## HOW TO COMPLETE THIS TASK
Take the lines from the one containing "Tommy Hilfiger 2100/S – Rose Acétate (Femme)" through the final line below and restate them exactly. Omit the pictures.

## WORKING DATA
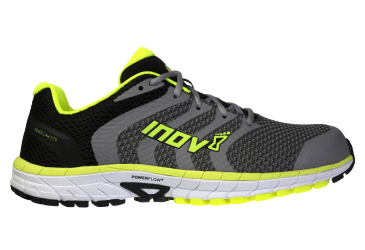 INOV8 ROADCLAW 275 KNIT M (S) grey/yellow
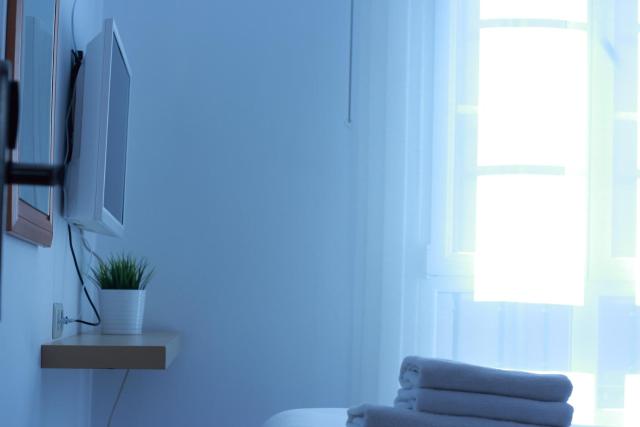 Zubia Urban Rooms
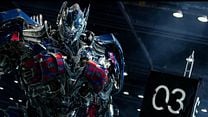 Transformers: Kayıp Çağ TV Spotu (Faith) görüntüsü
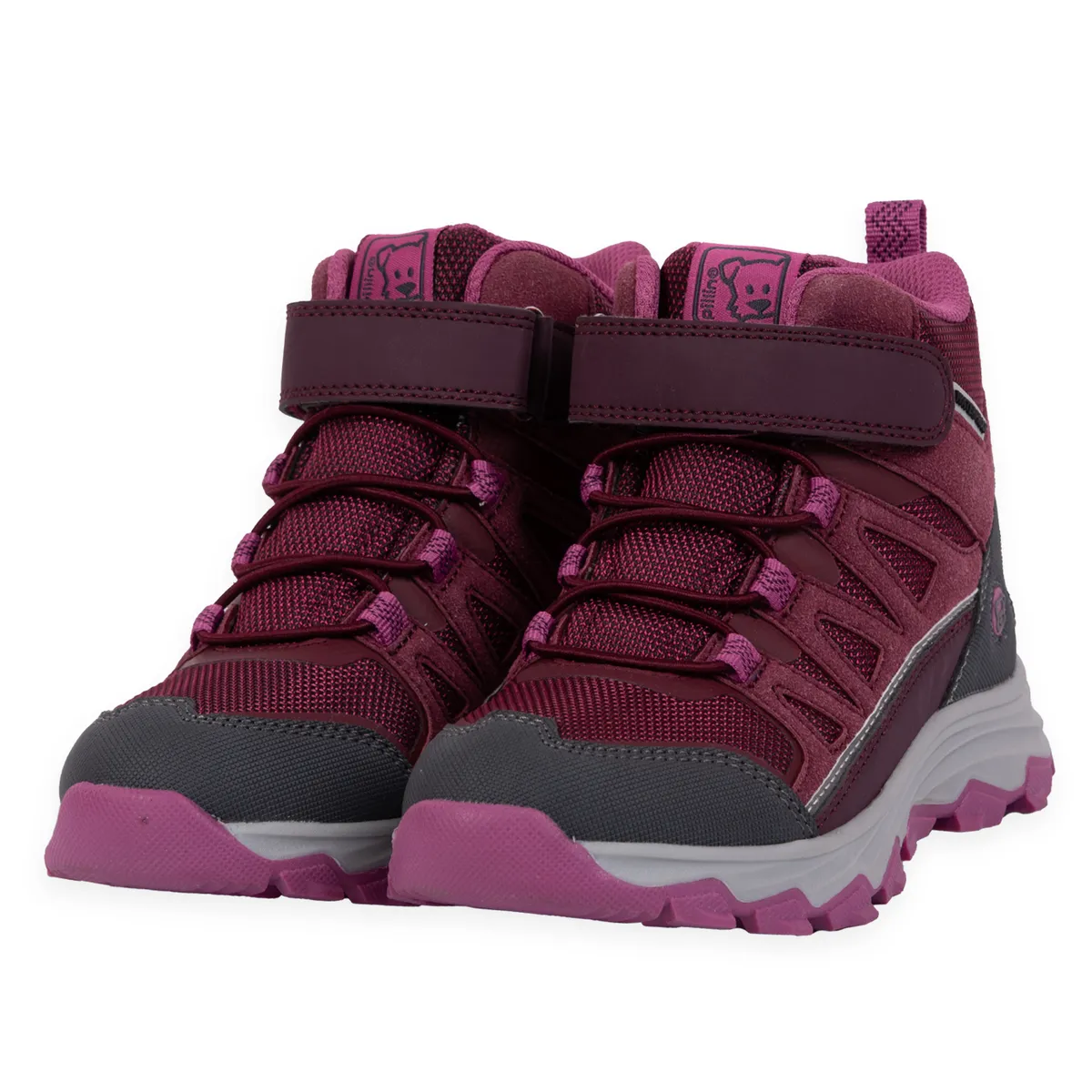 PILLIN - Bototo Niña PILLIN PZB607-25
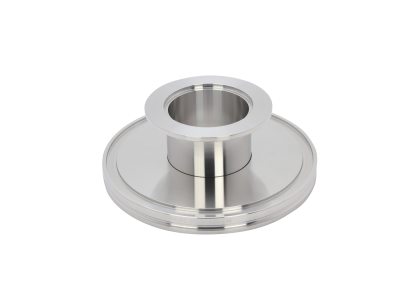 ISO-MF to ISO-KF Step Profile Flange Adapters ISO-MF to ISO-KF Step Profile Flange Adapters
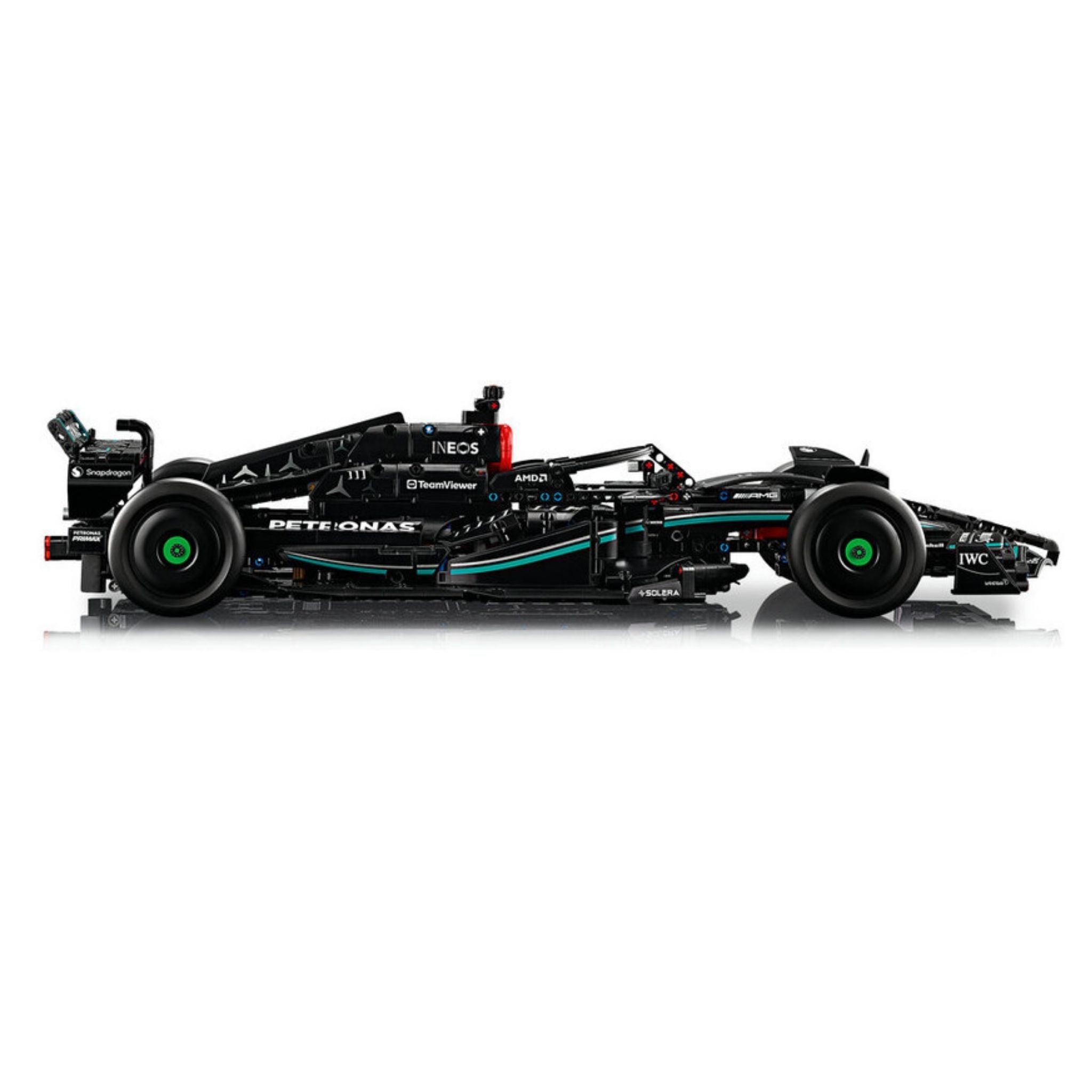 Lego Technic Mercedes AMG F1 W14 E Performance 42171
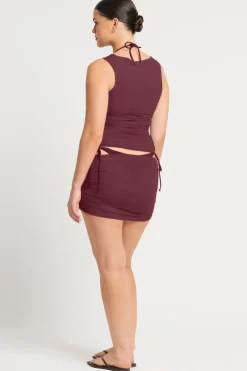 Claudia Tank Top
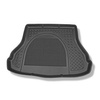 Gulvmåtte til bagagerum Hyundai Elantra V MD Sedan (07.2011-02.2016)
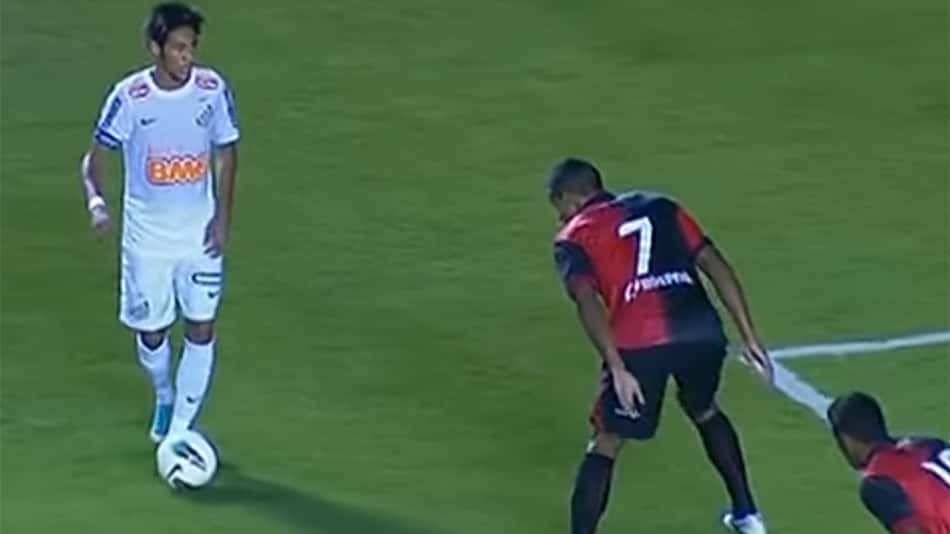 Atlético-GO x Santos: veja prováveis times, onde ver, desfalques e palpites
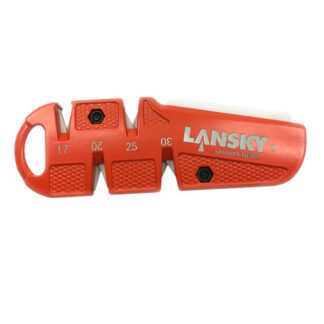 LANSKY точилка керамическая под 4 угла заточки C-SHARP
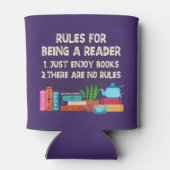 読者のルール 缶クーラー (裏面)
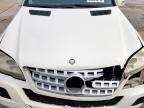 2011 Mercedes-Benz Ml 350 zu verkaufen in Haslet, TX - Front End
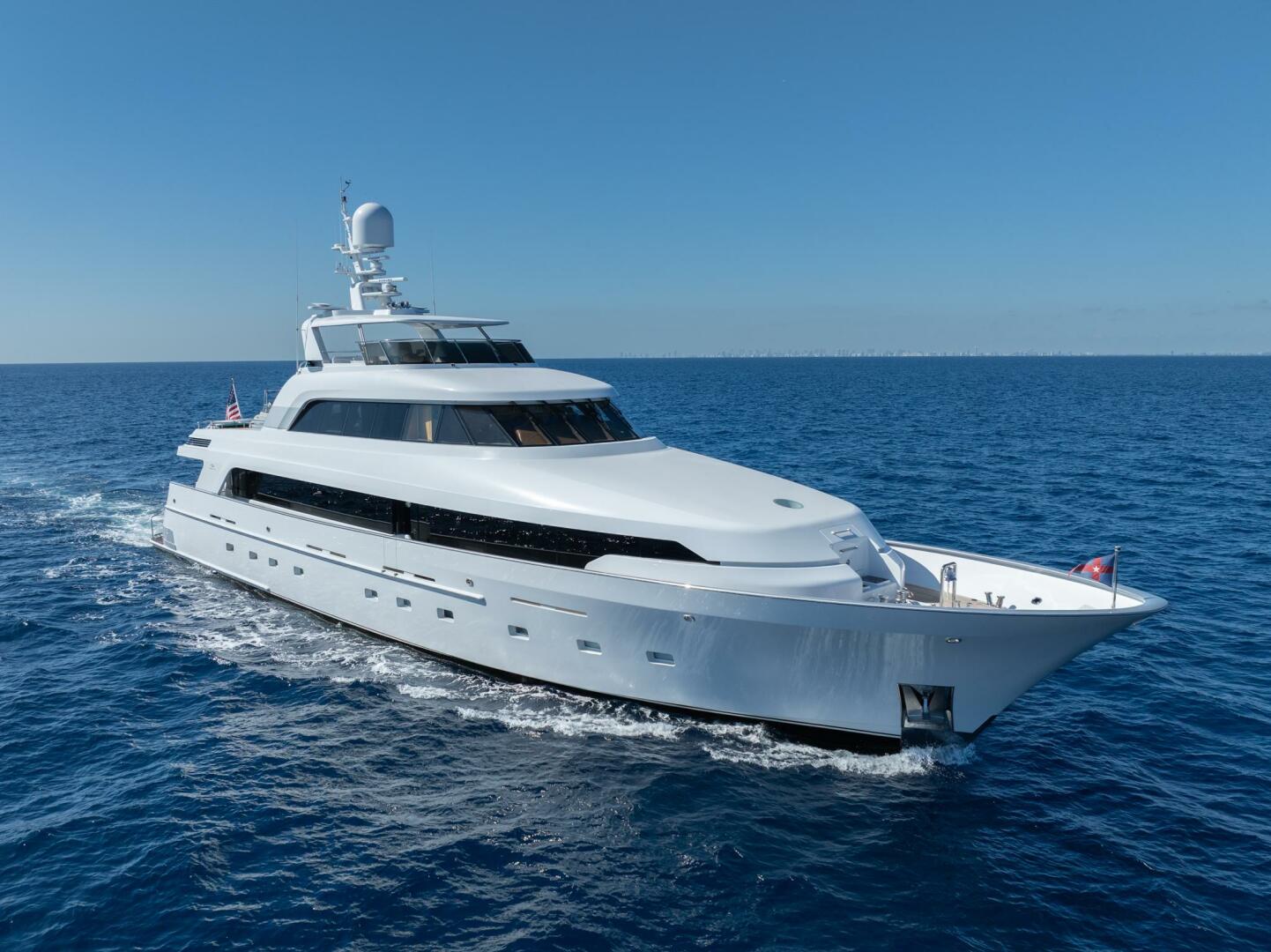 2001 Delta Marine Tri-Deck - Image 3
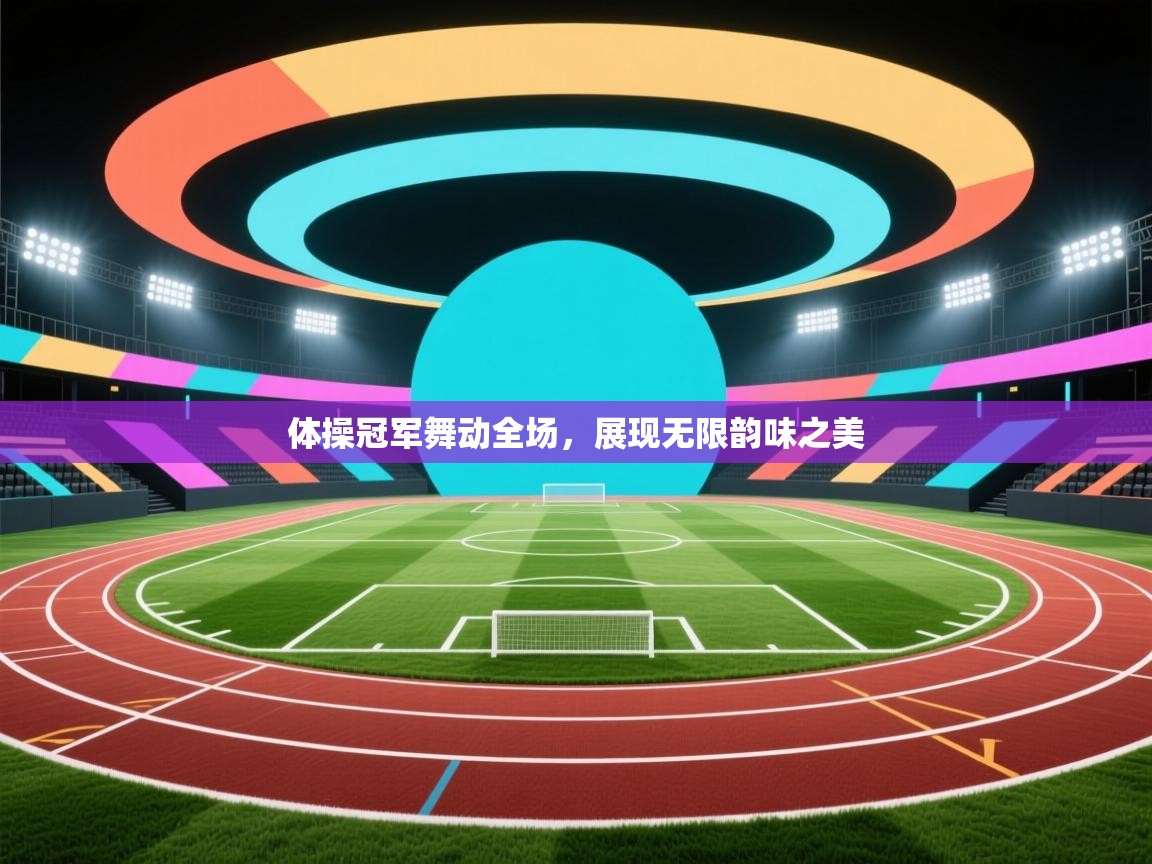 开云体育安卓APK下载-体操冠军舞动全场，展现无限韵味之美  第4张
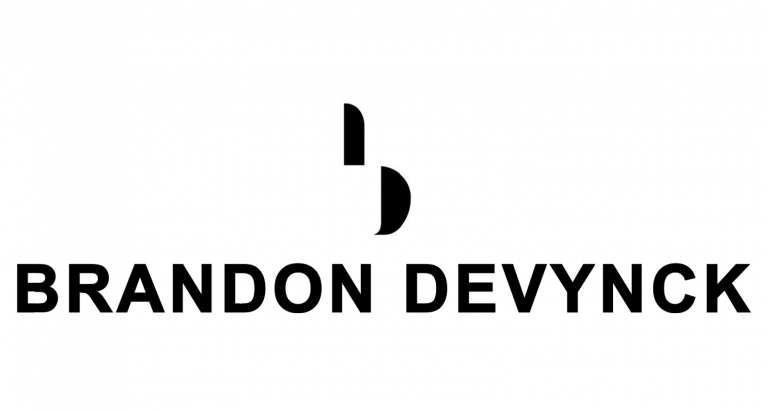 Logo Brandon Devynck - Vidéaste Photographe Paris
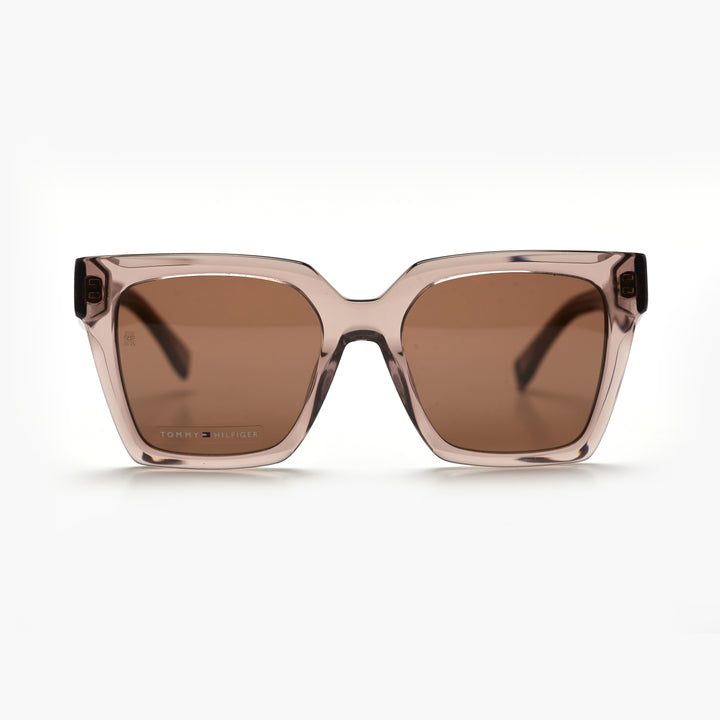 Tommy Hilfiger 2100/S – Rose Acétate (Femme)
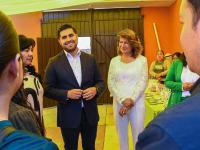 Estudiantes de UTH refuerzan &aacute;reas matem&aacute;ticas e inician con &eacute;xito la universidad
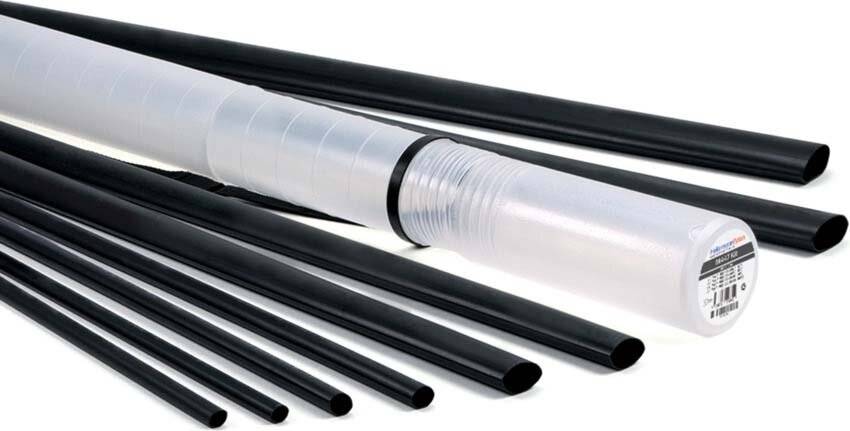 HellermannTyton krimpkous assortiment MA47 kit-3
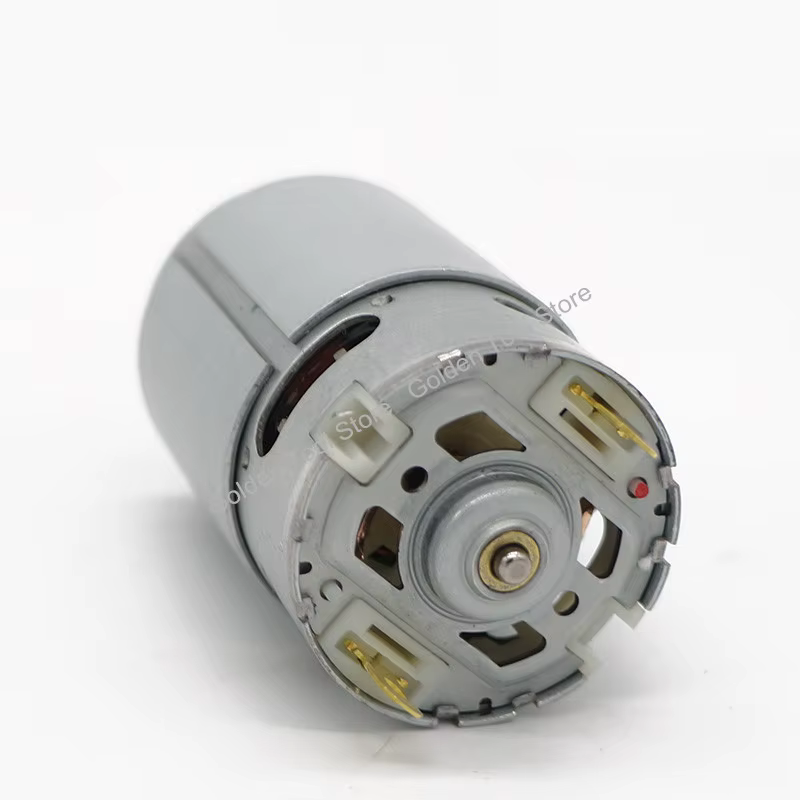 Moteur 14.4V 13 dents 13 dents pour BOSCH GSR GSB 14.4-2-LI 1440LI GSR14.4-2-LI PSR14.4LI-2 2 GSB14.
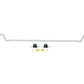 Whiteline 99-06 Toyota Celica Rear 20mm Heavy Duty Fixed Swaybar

## SOLUTION FOR THIS TASK
 Tommy Hilfiger 2100/S – Rose Acétate (Femme)
 Estudiantes de UTH refuerzan &aacute;reas matem&aacute;ticas e inician con &eacute;xito la universidad
 HellermannTyton krimpkous assortiment MA47 kit-3
 Moteur 14.4V 13 dents 13 dents pour BOSCH GSR GSB 14.4-2-LI 1440LI GSR14.4-2-LI PSR14.4LI-2 2 GSB14.
 Whiteline 99-06 Toyota Celica Rear 20mm Heavy Duty Fixed Swaybar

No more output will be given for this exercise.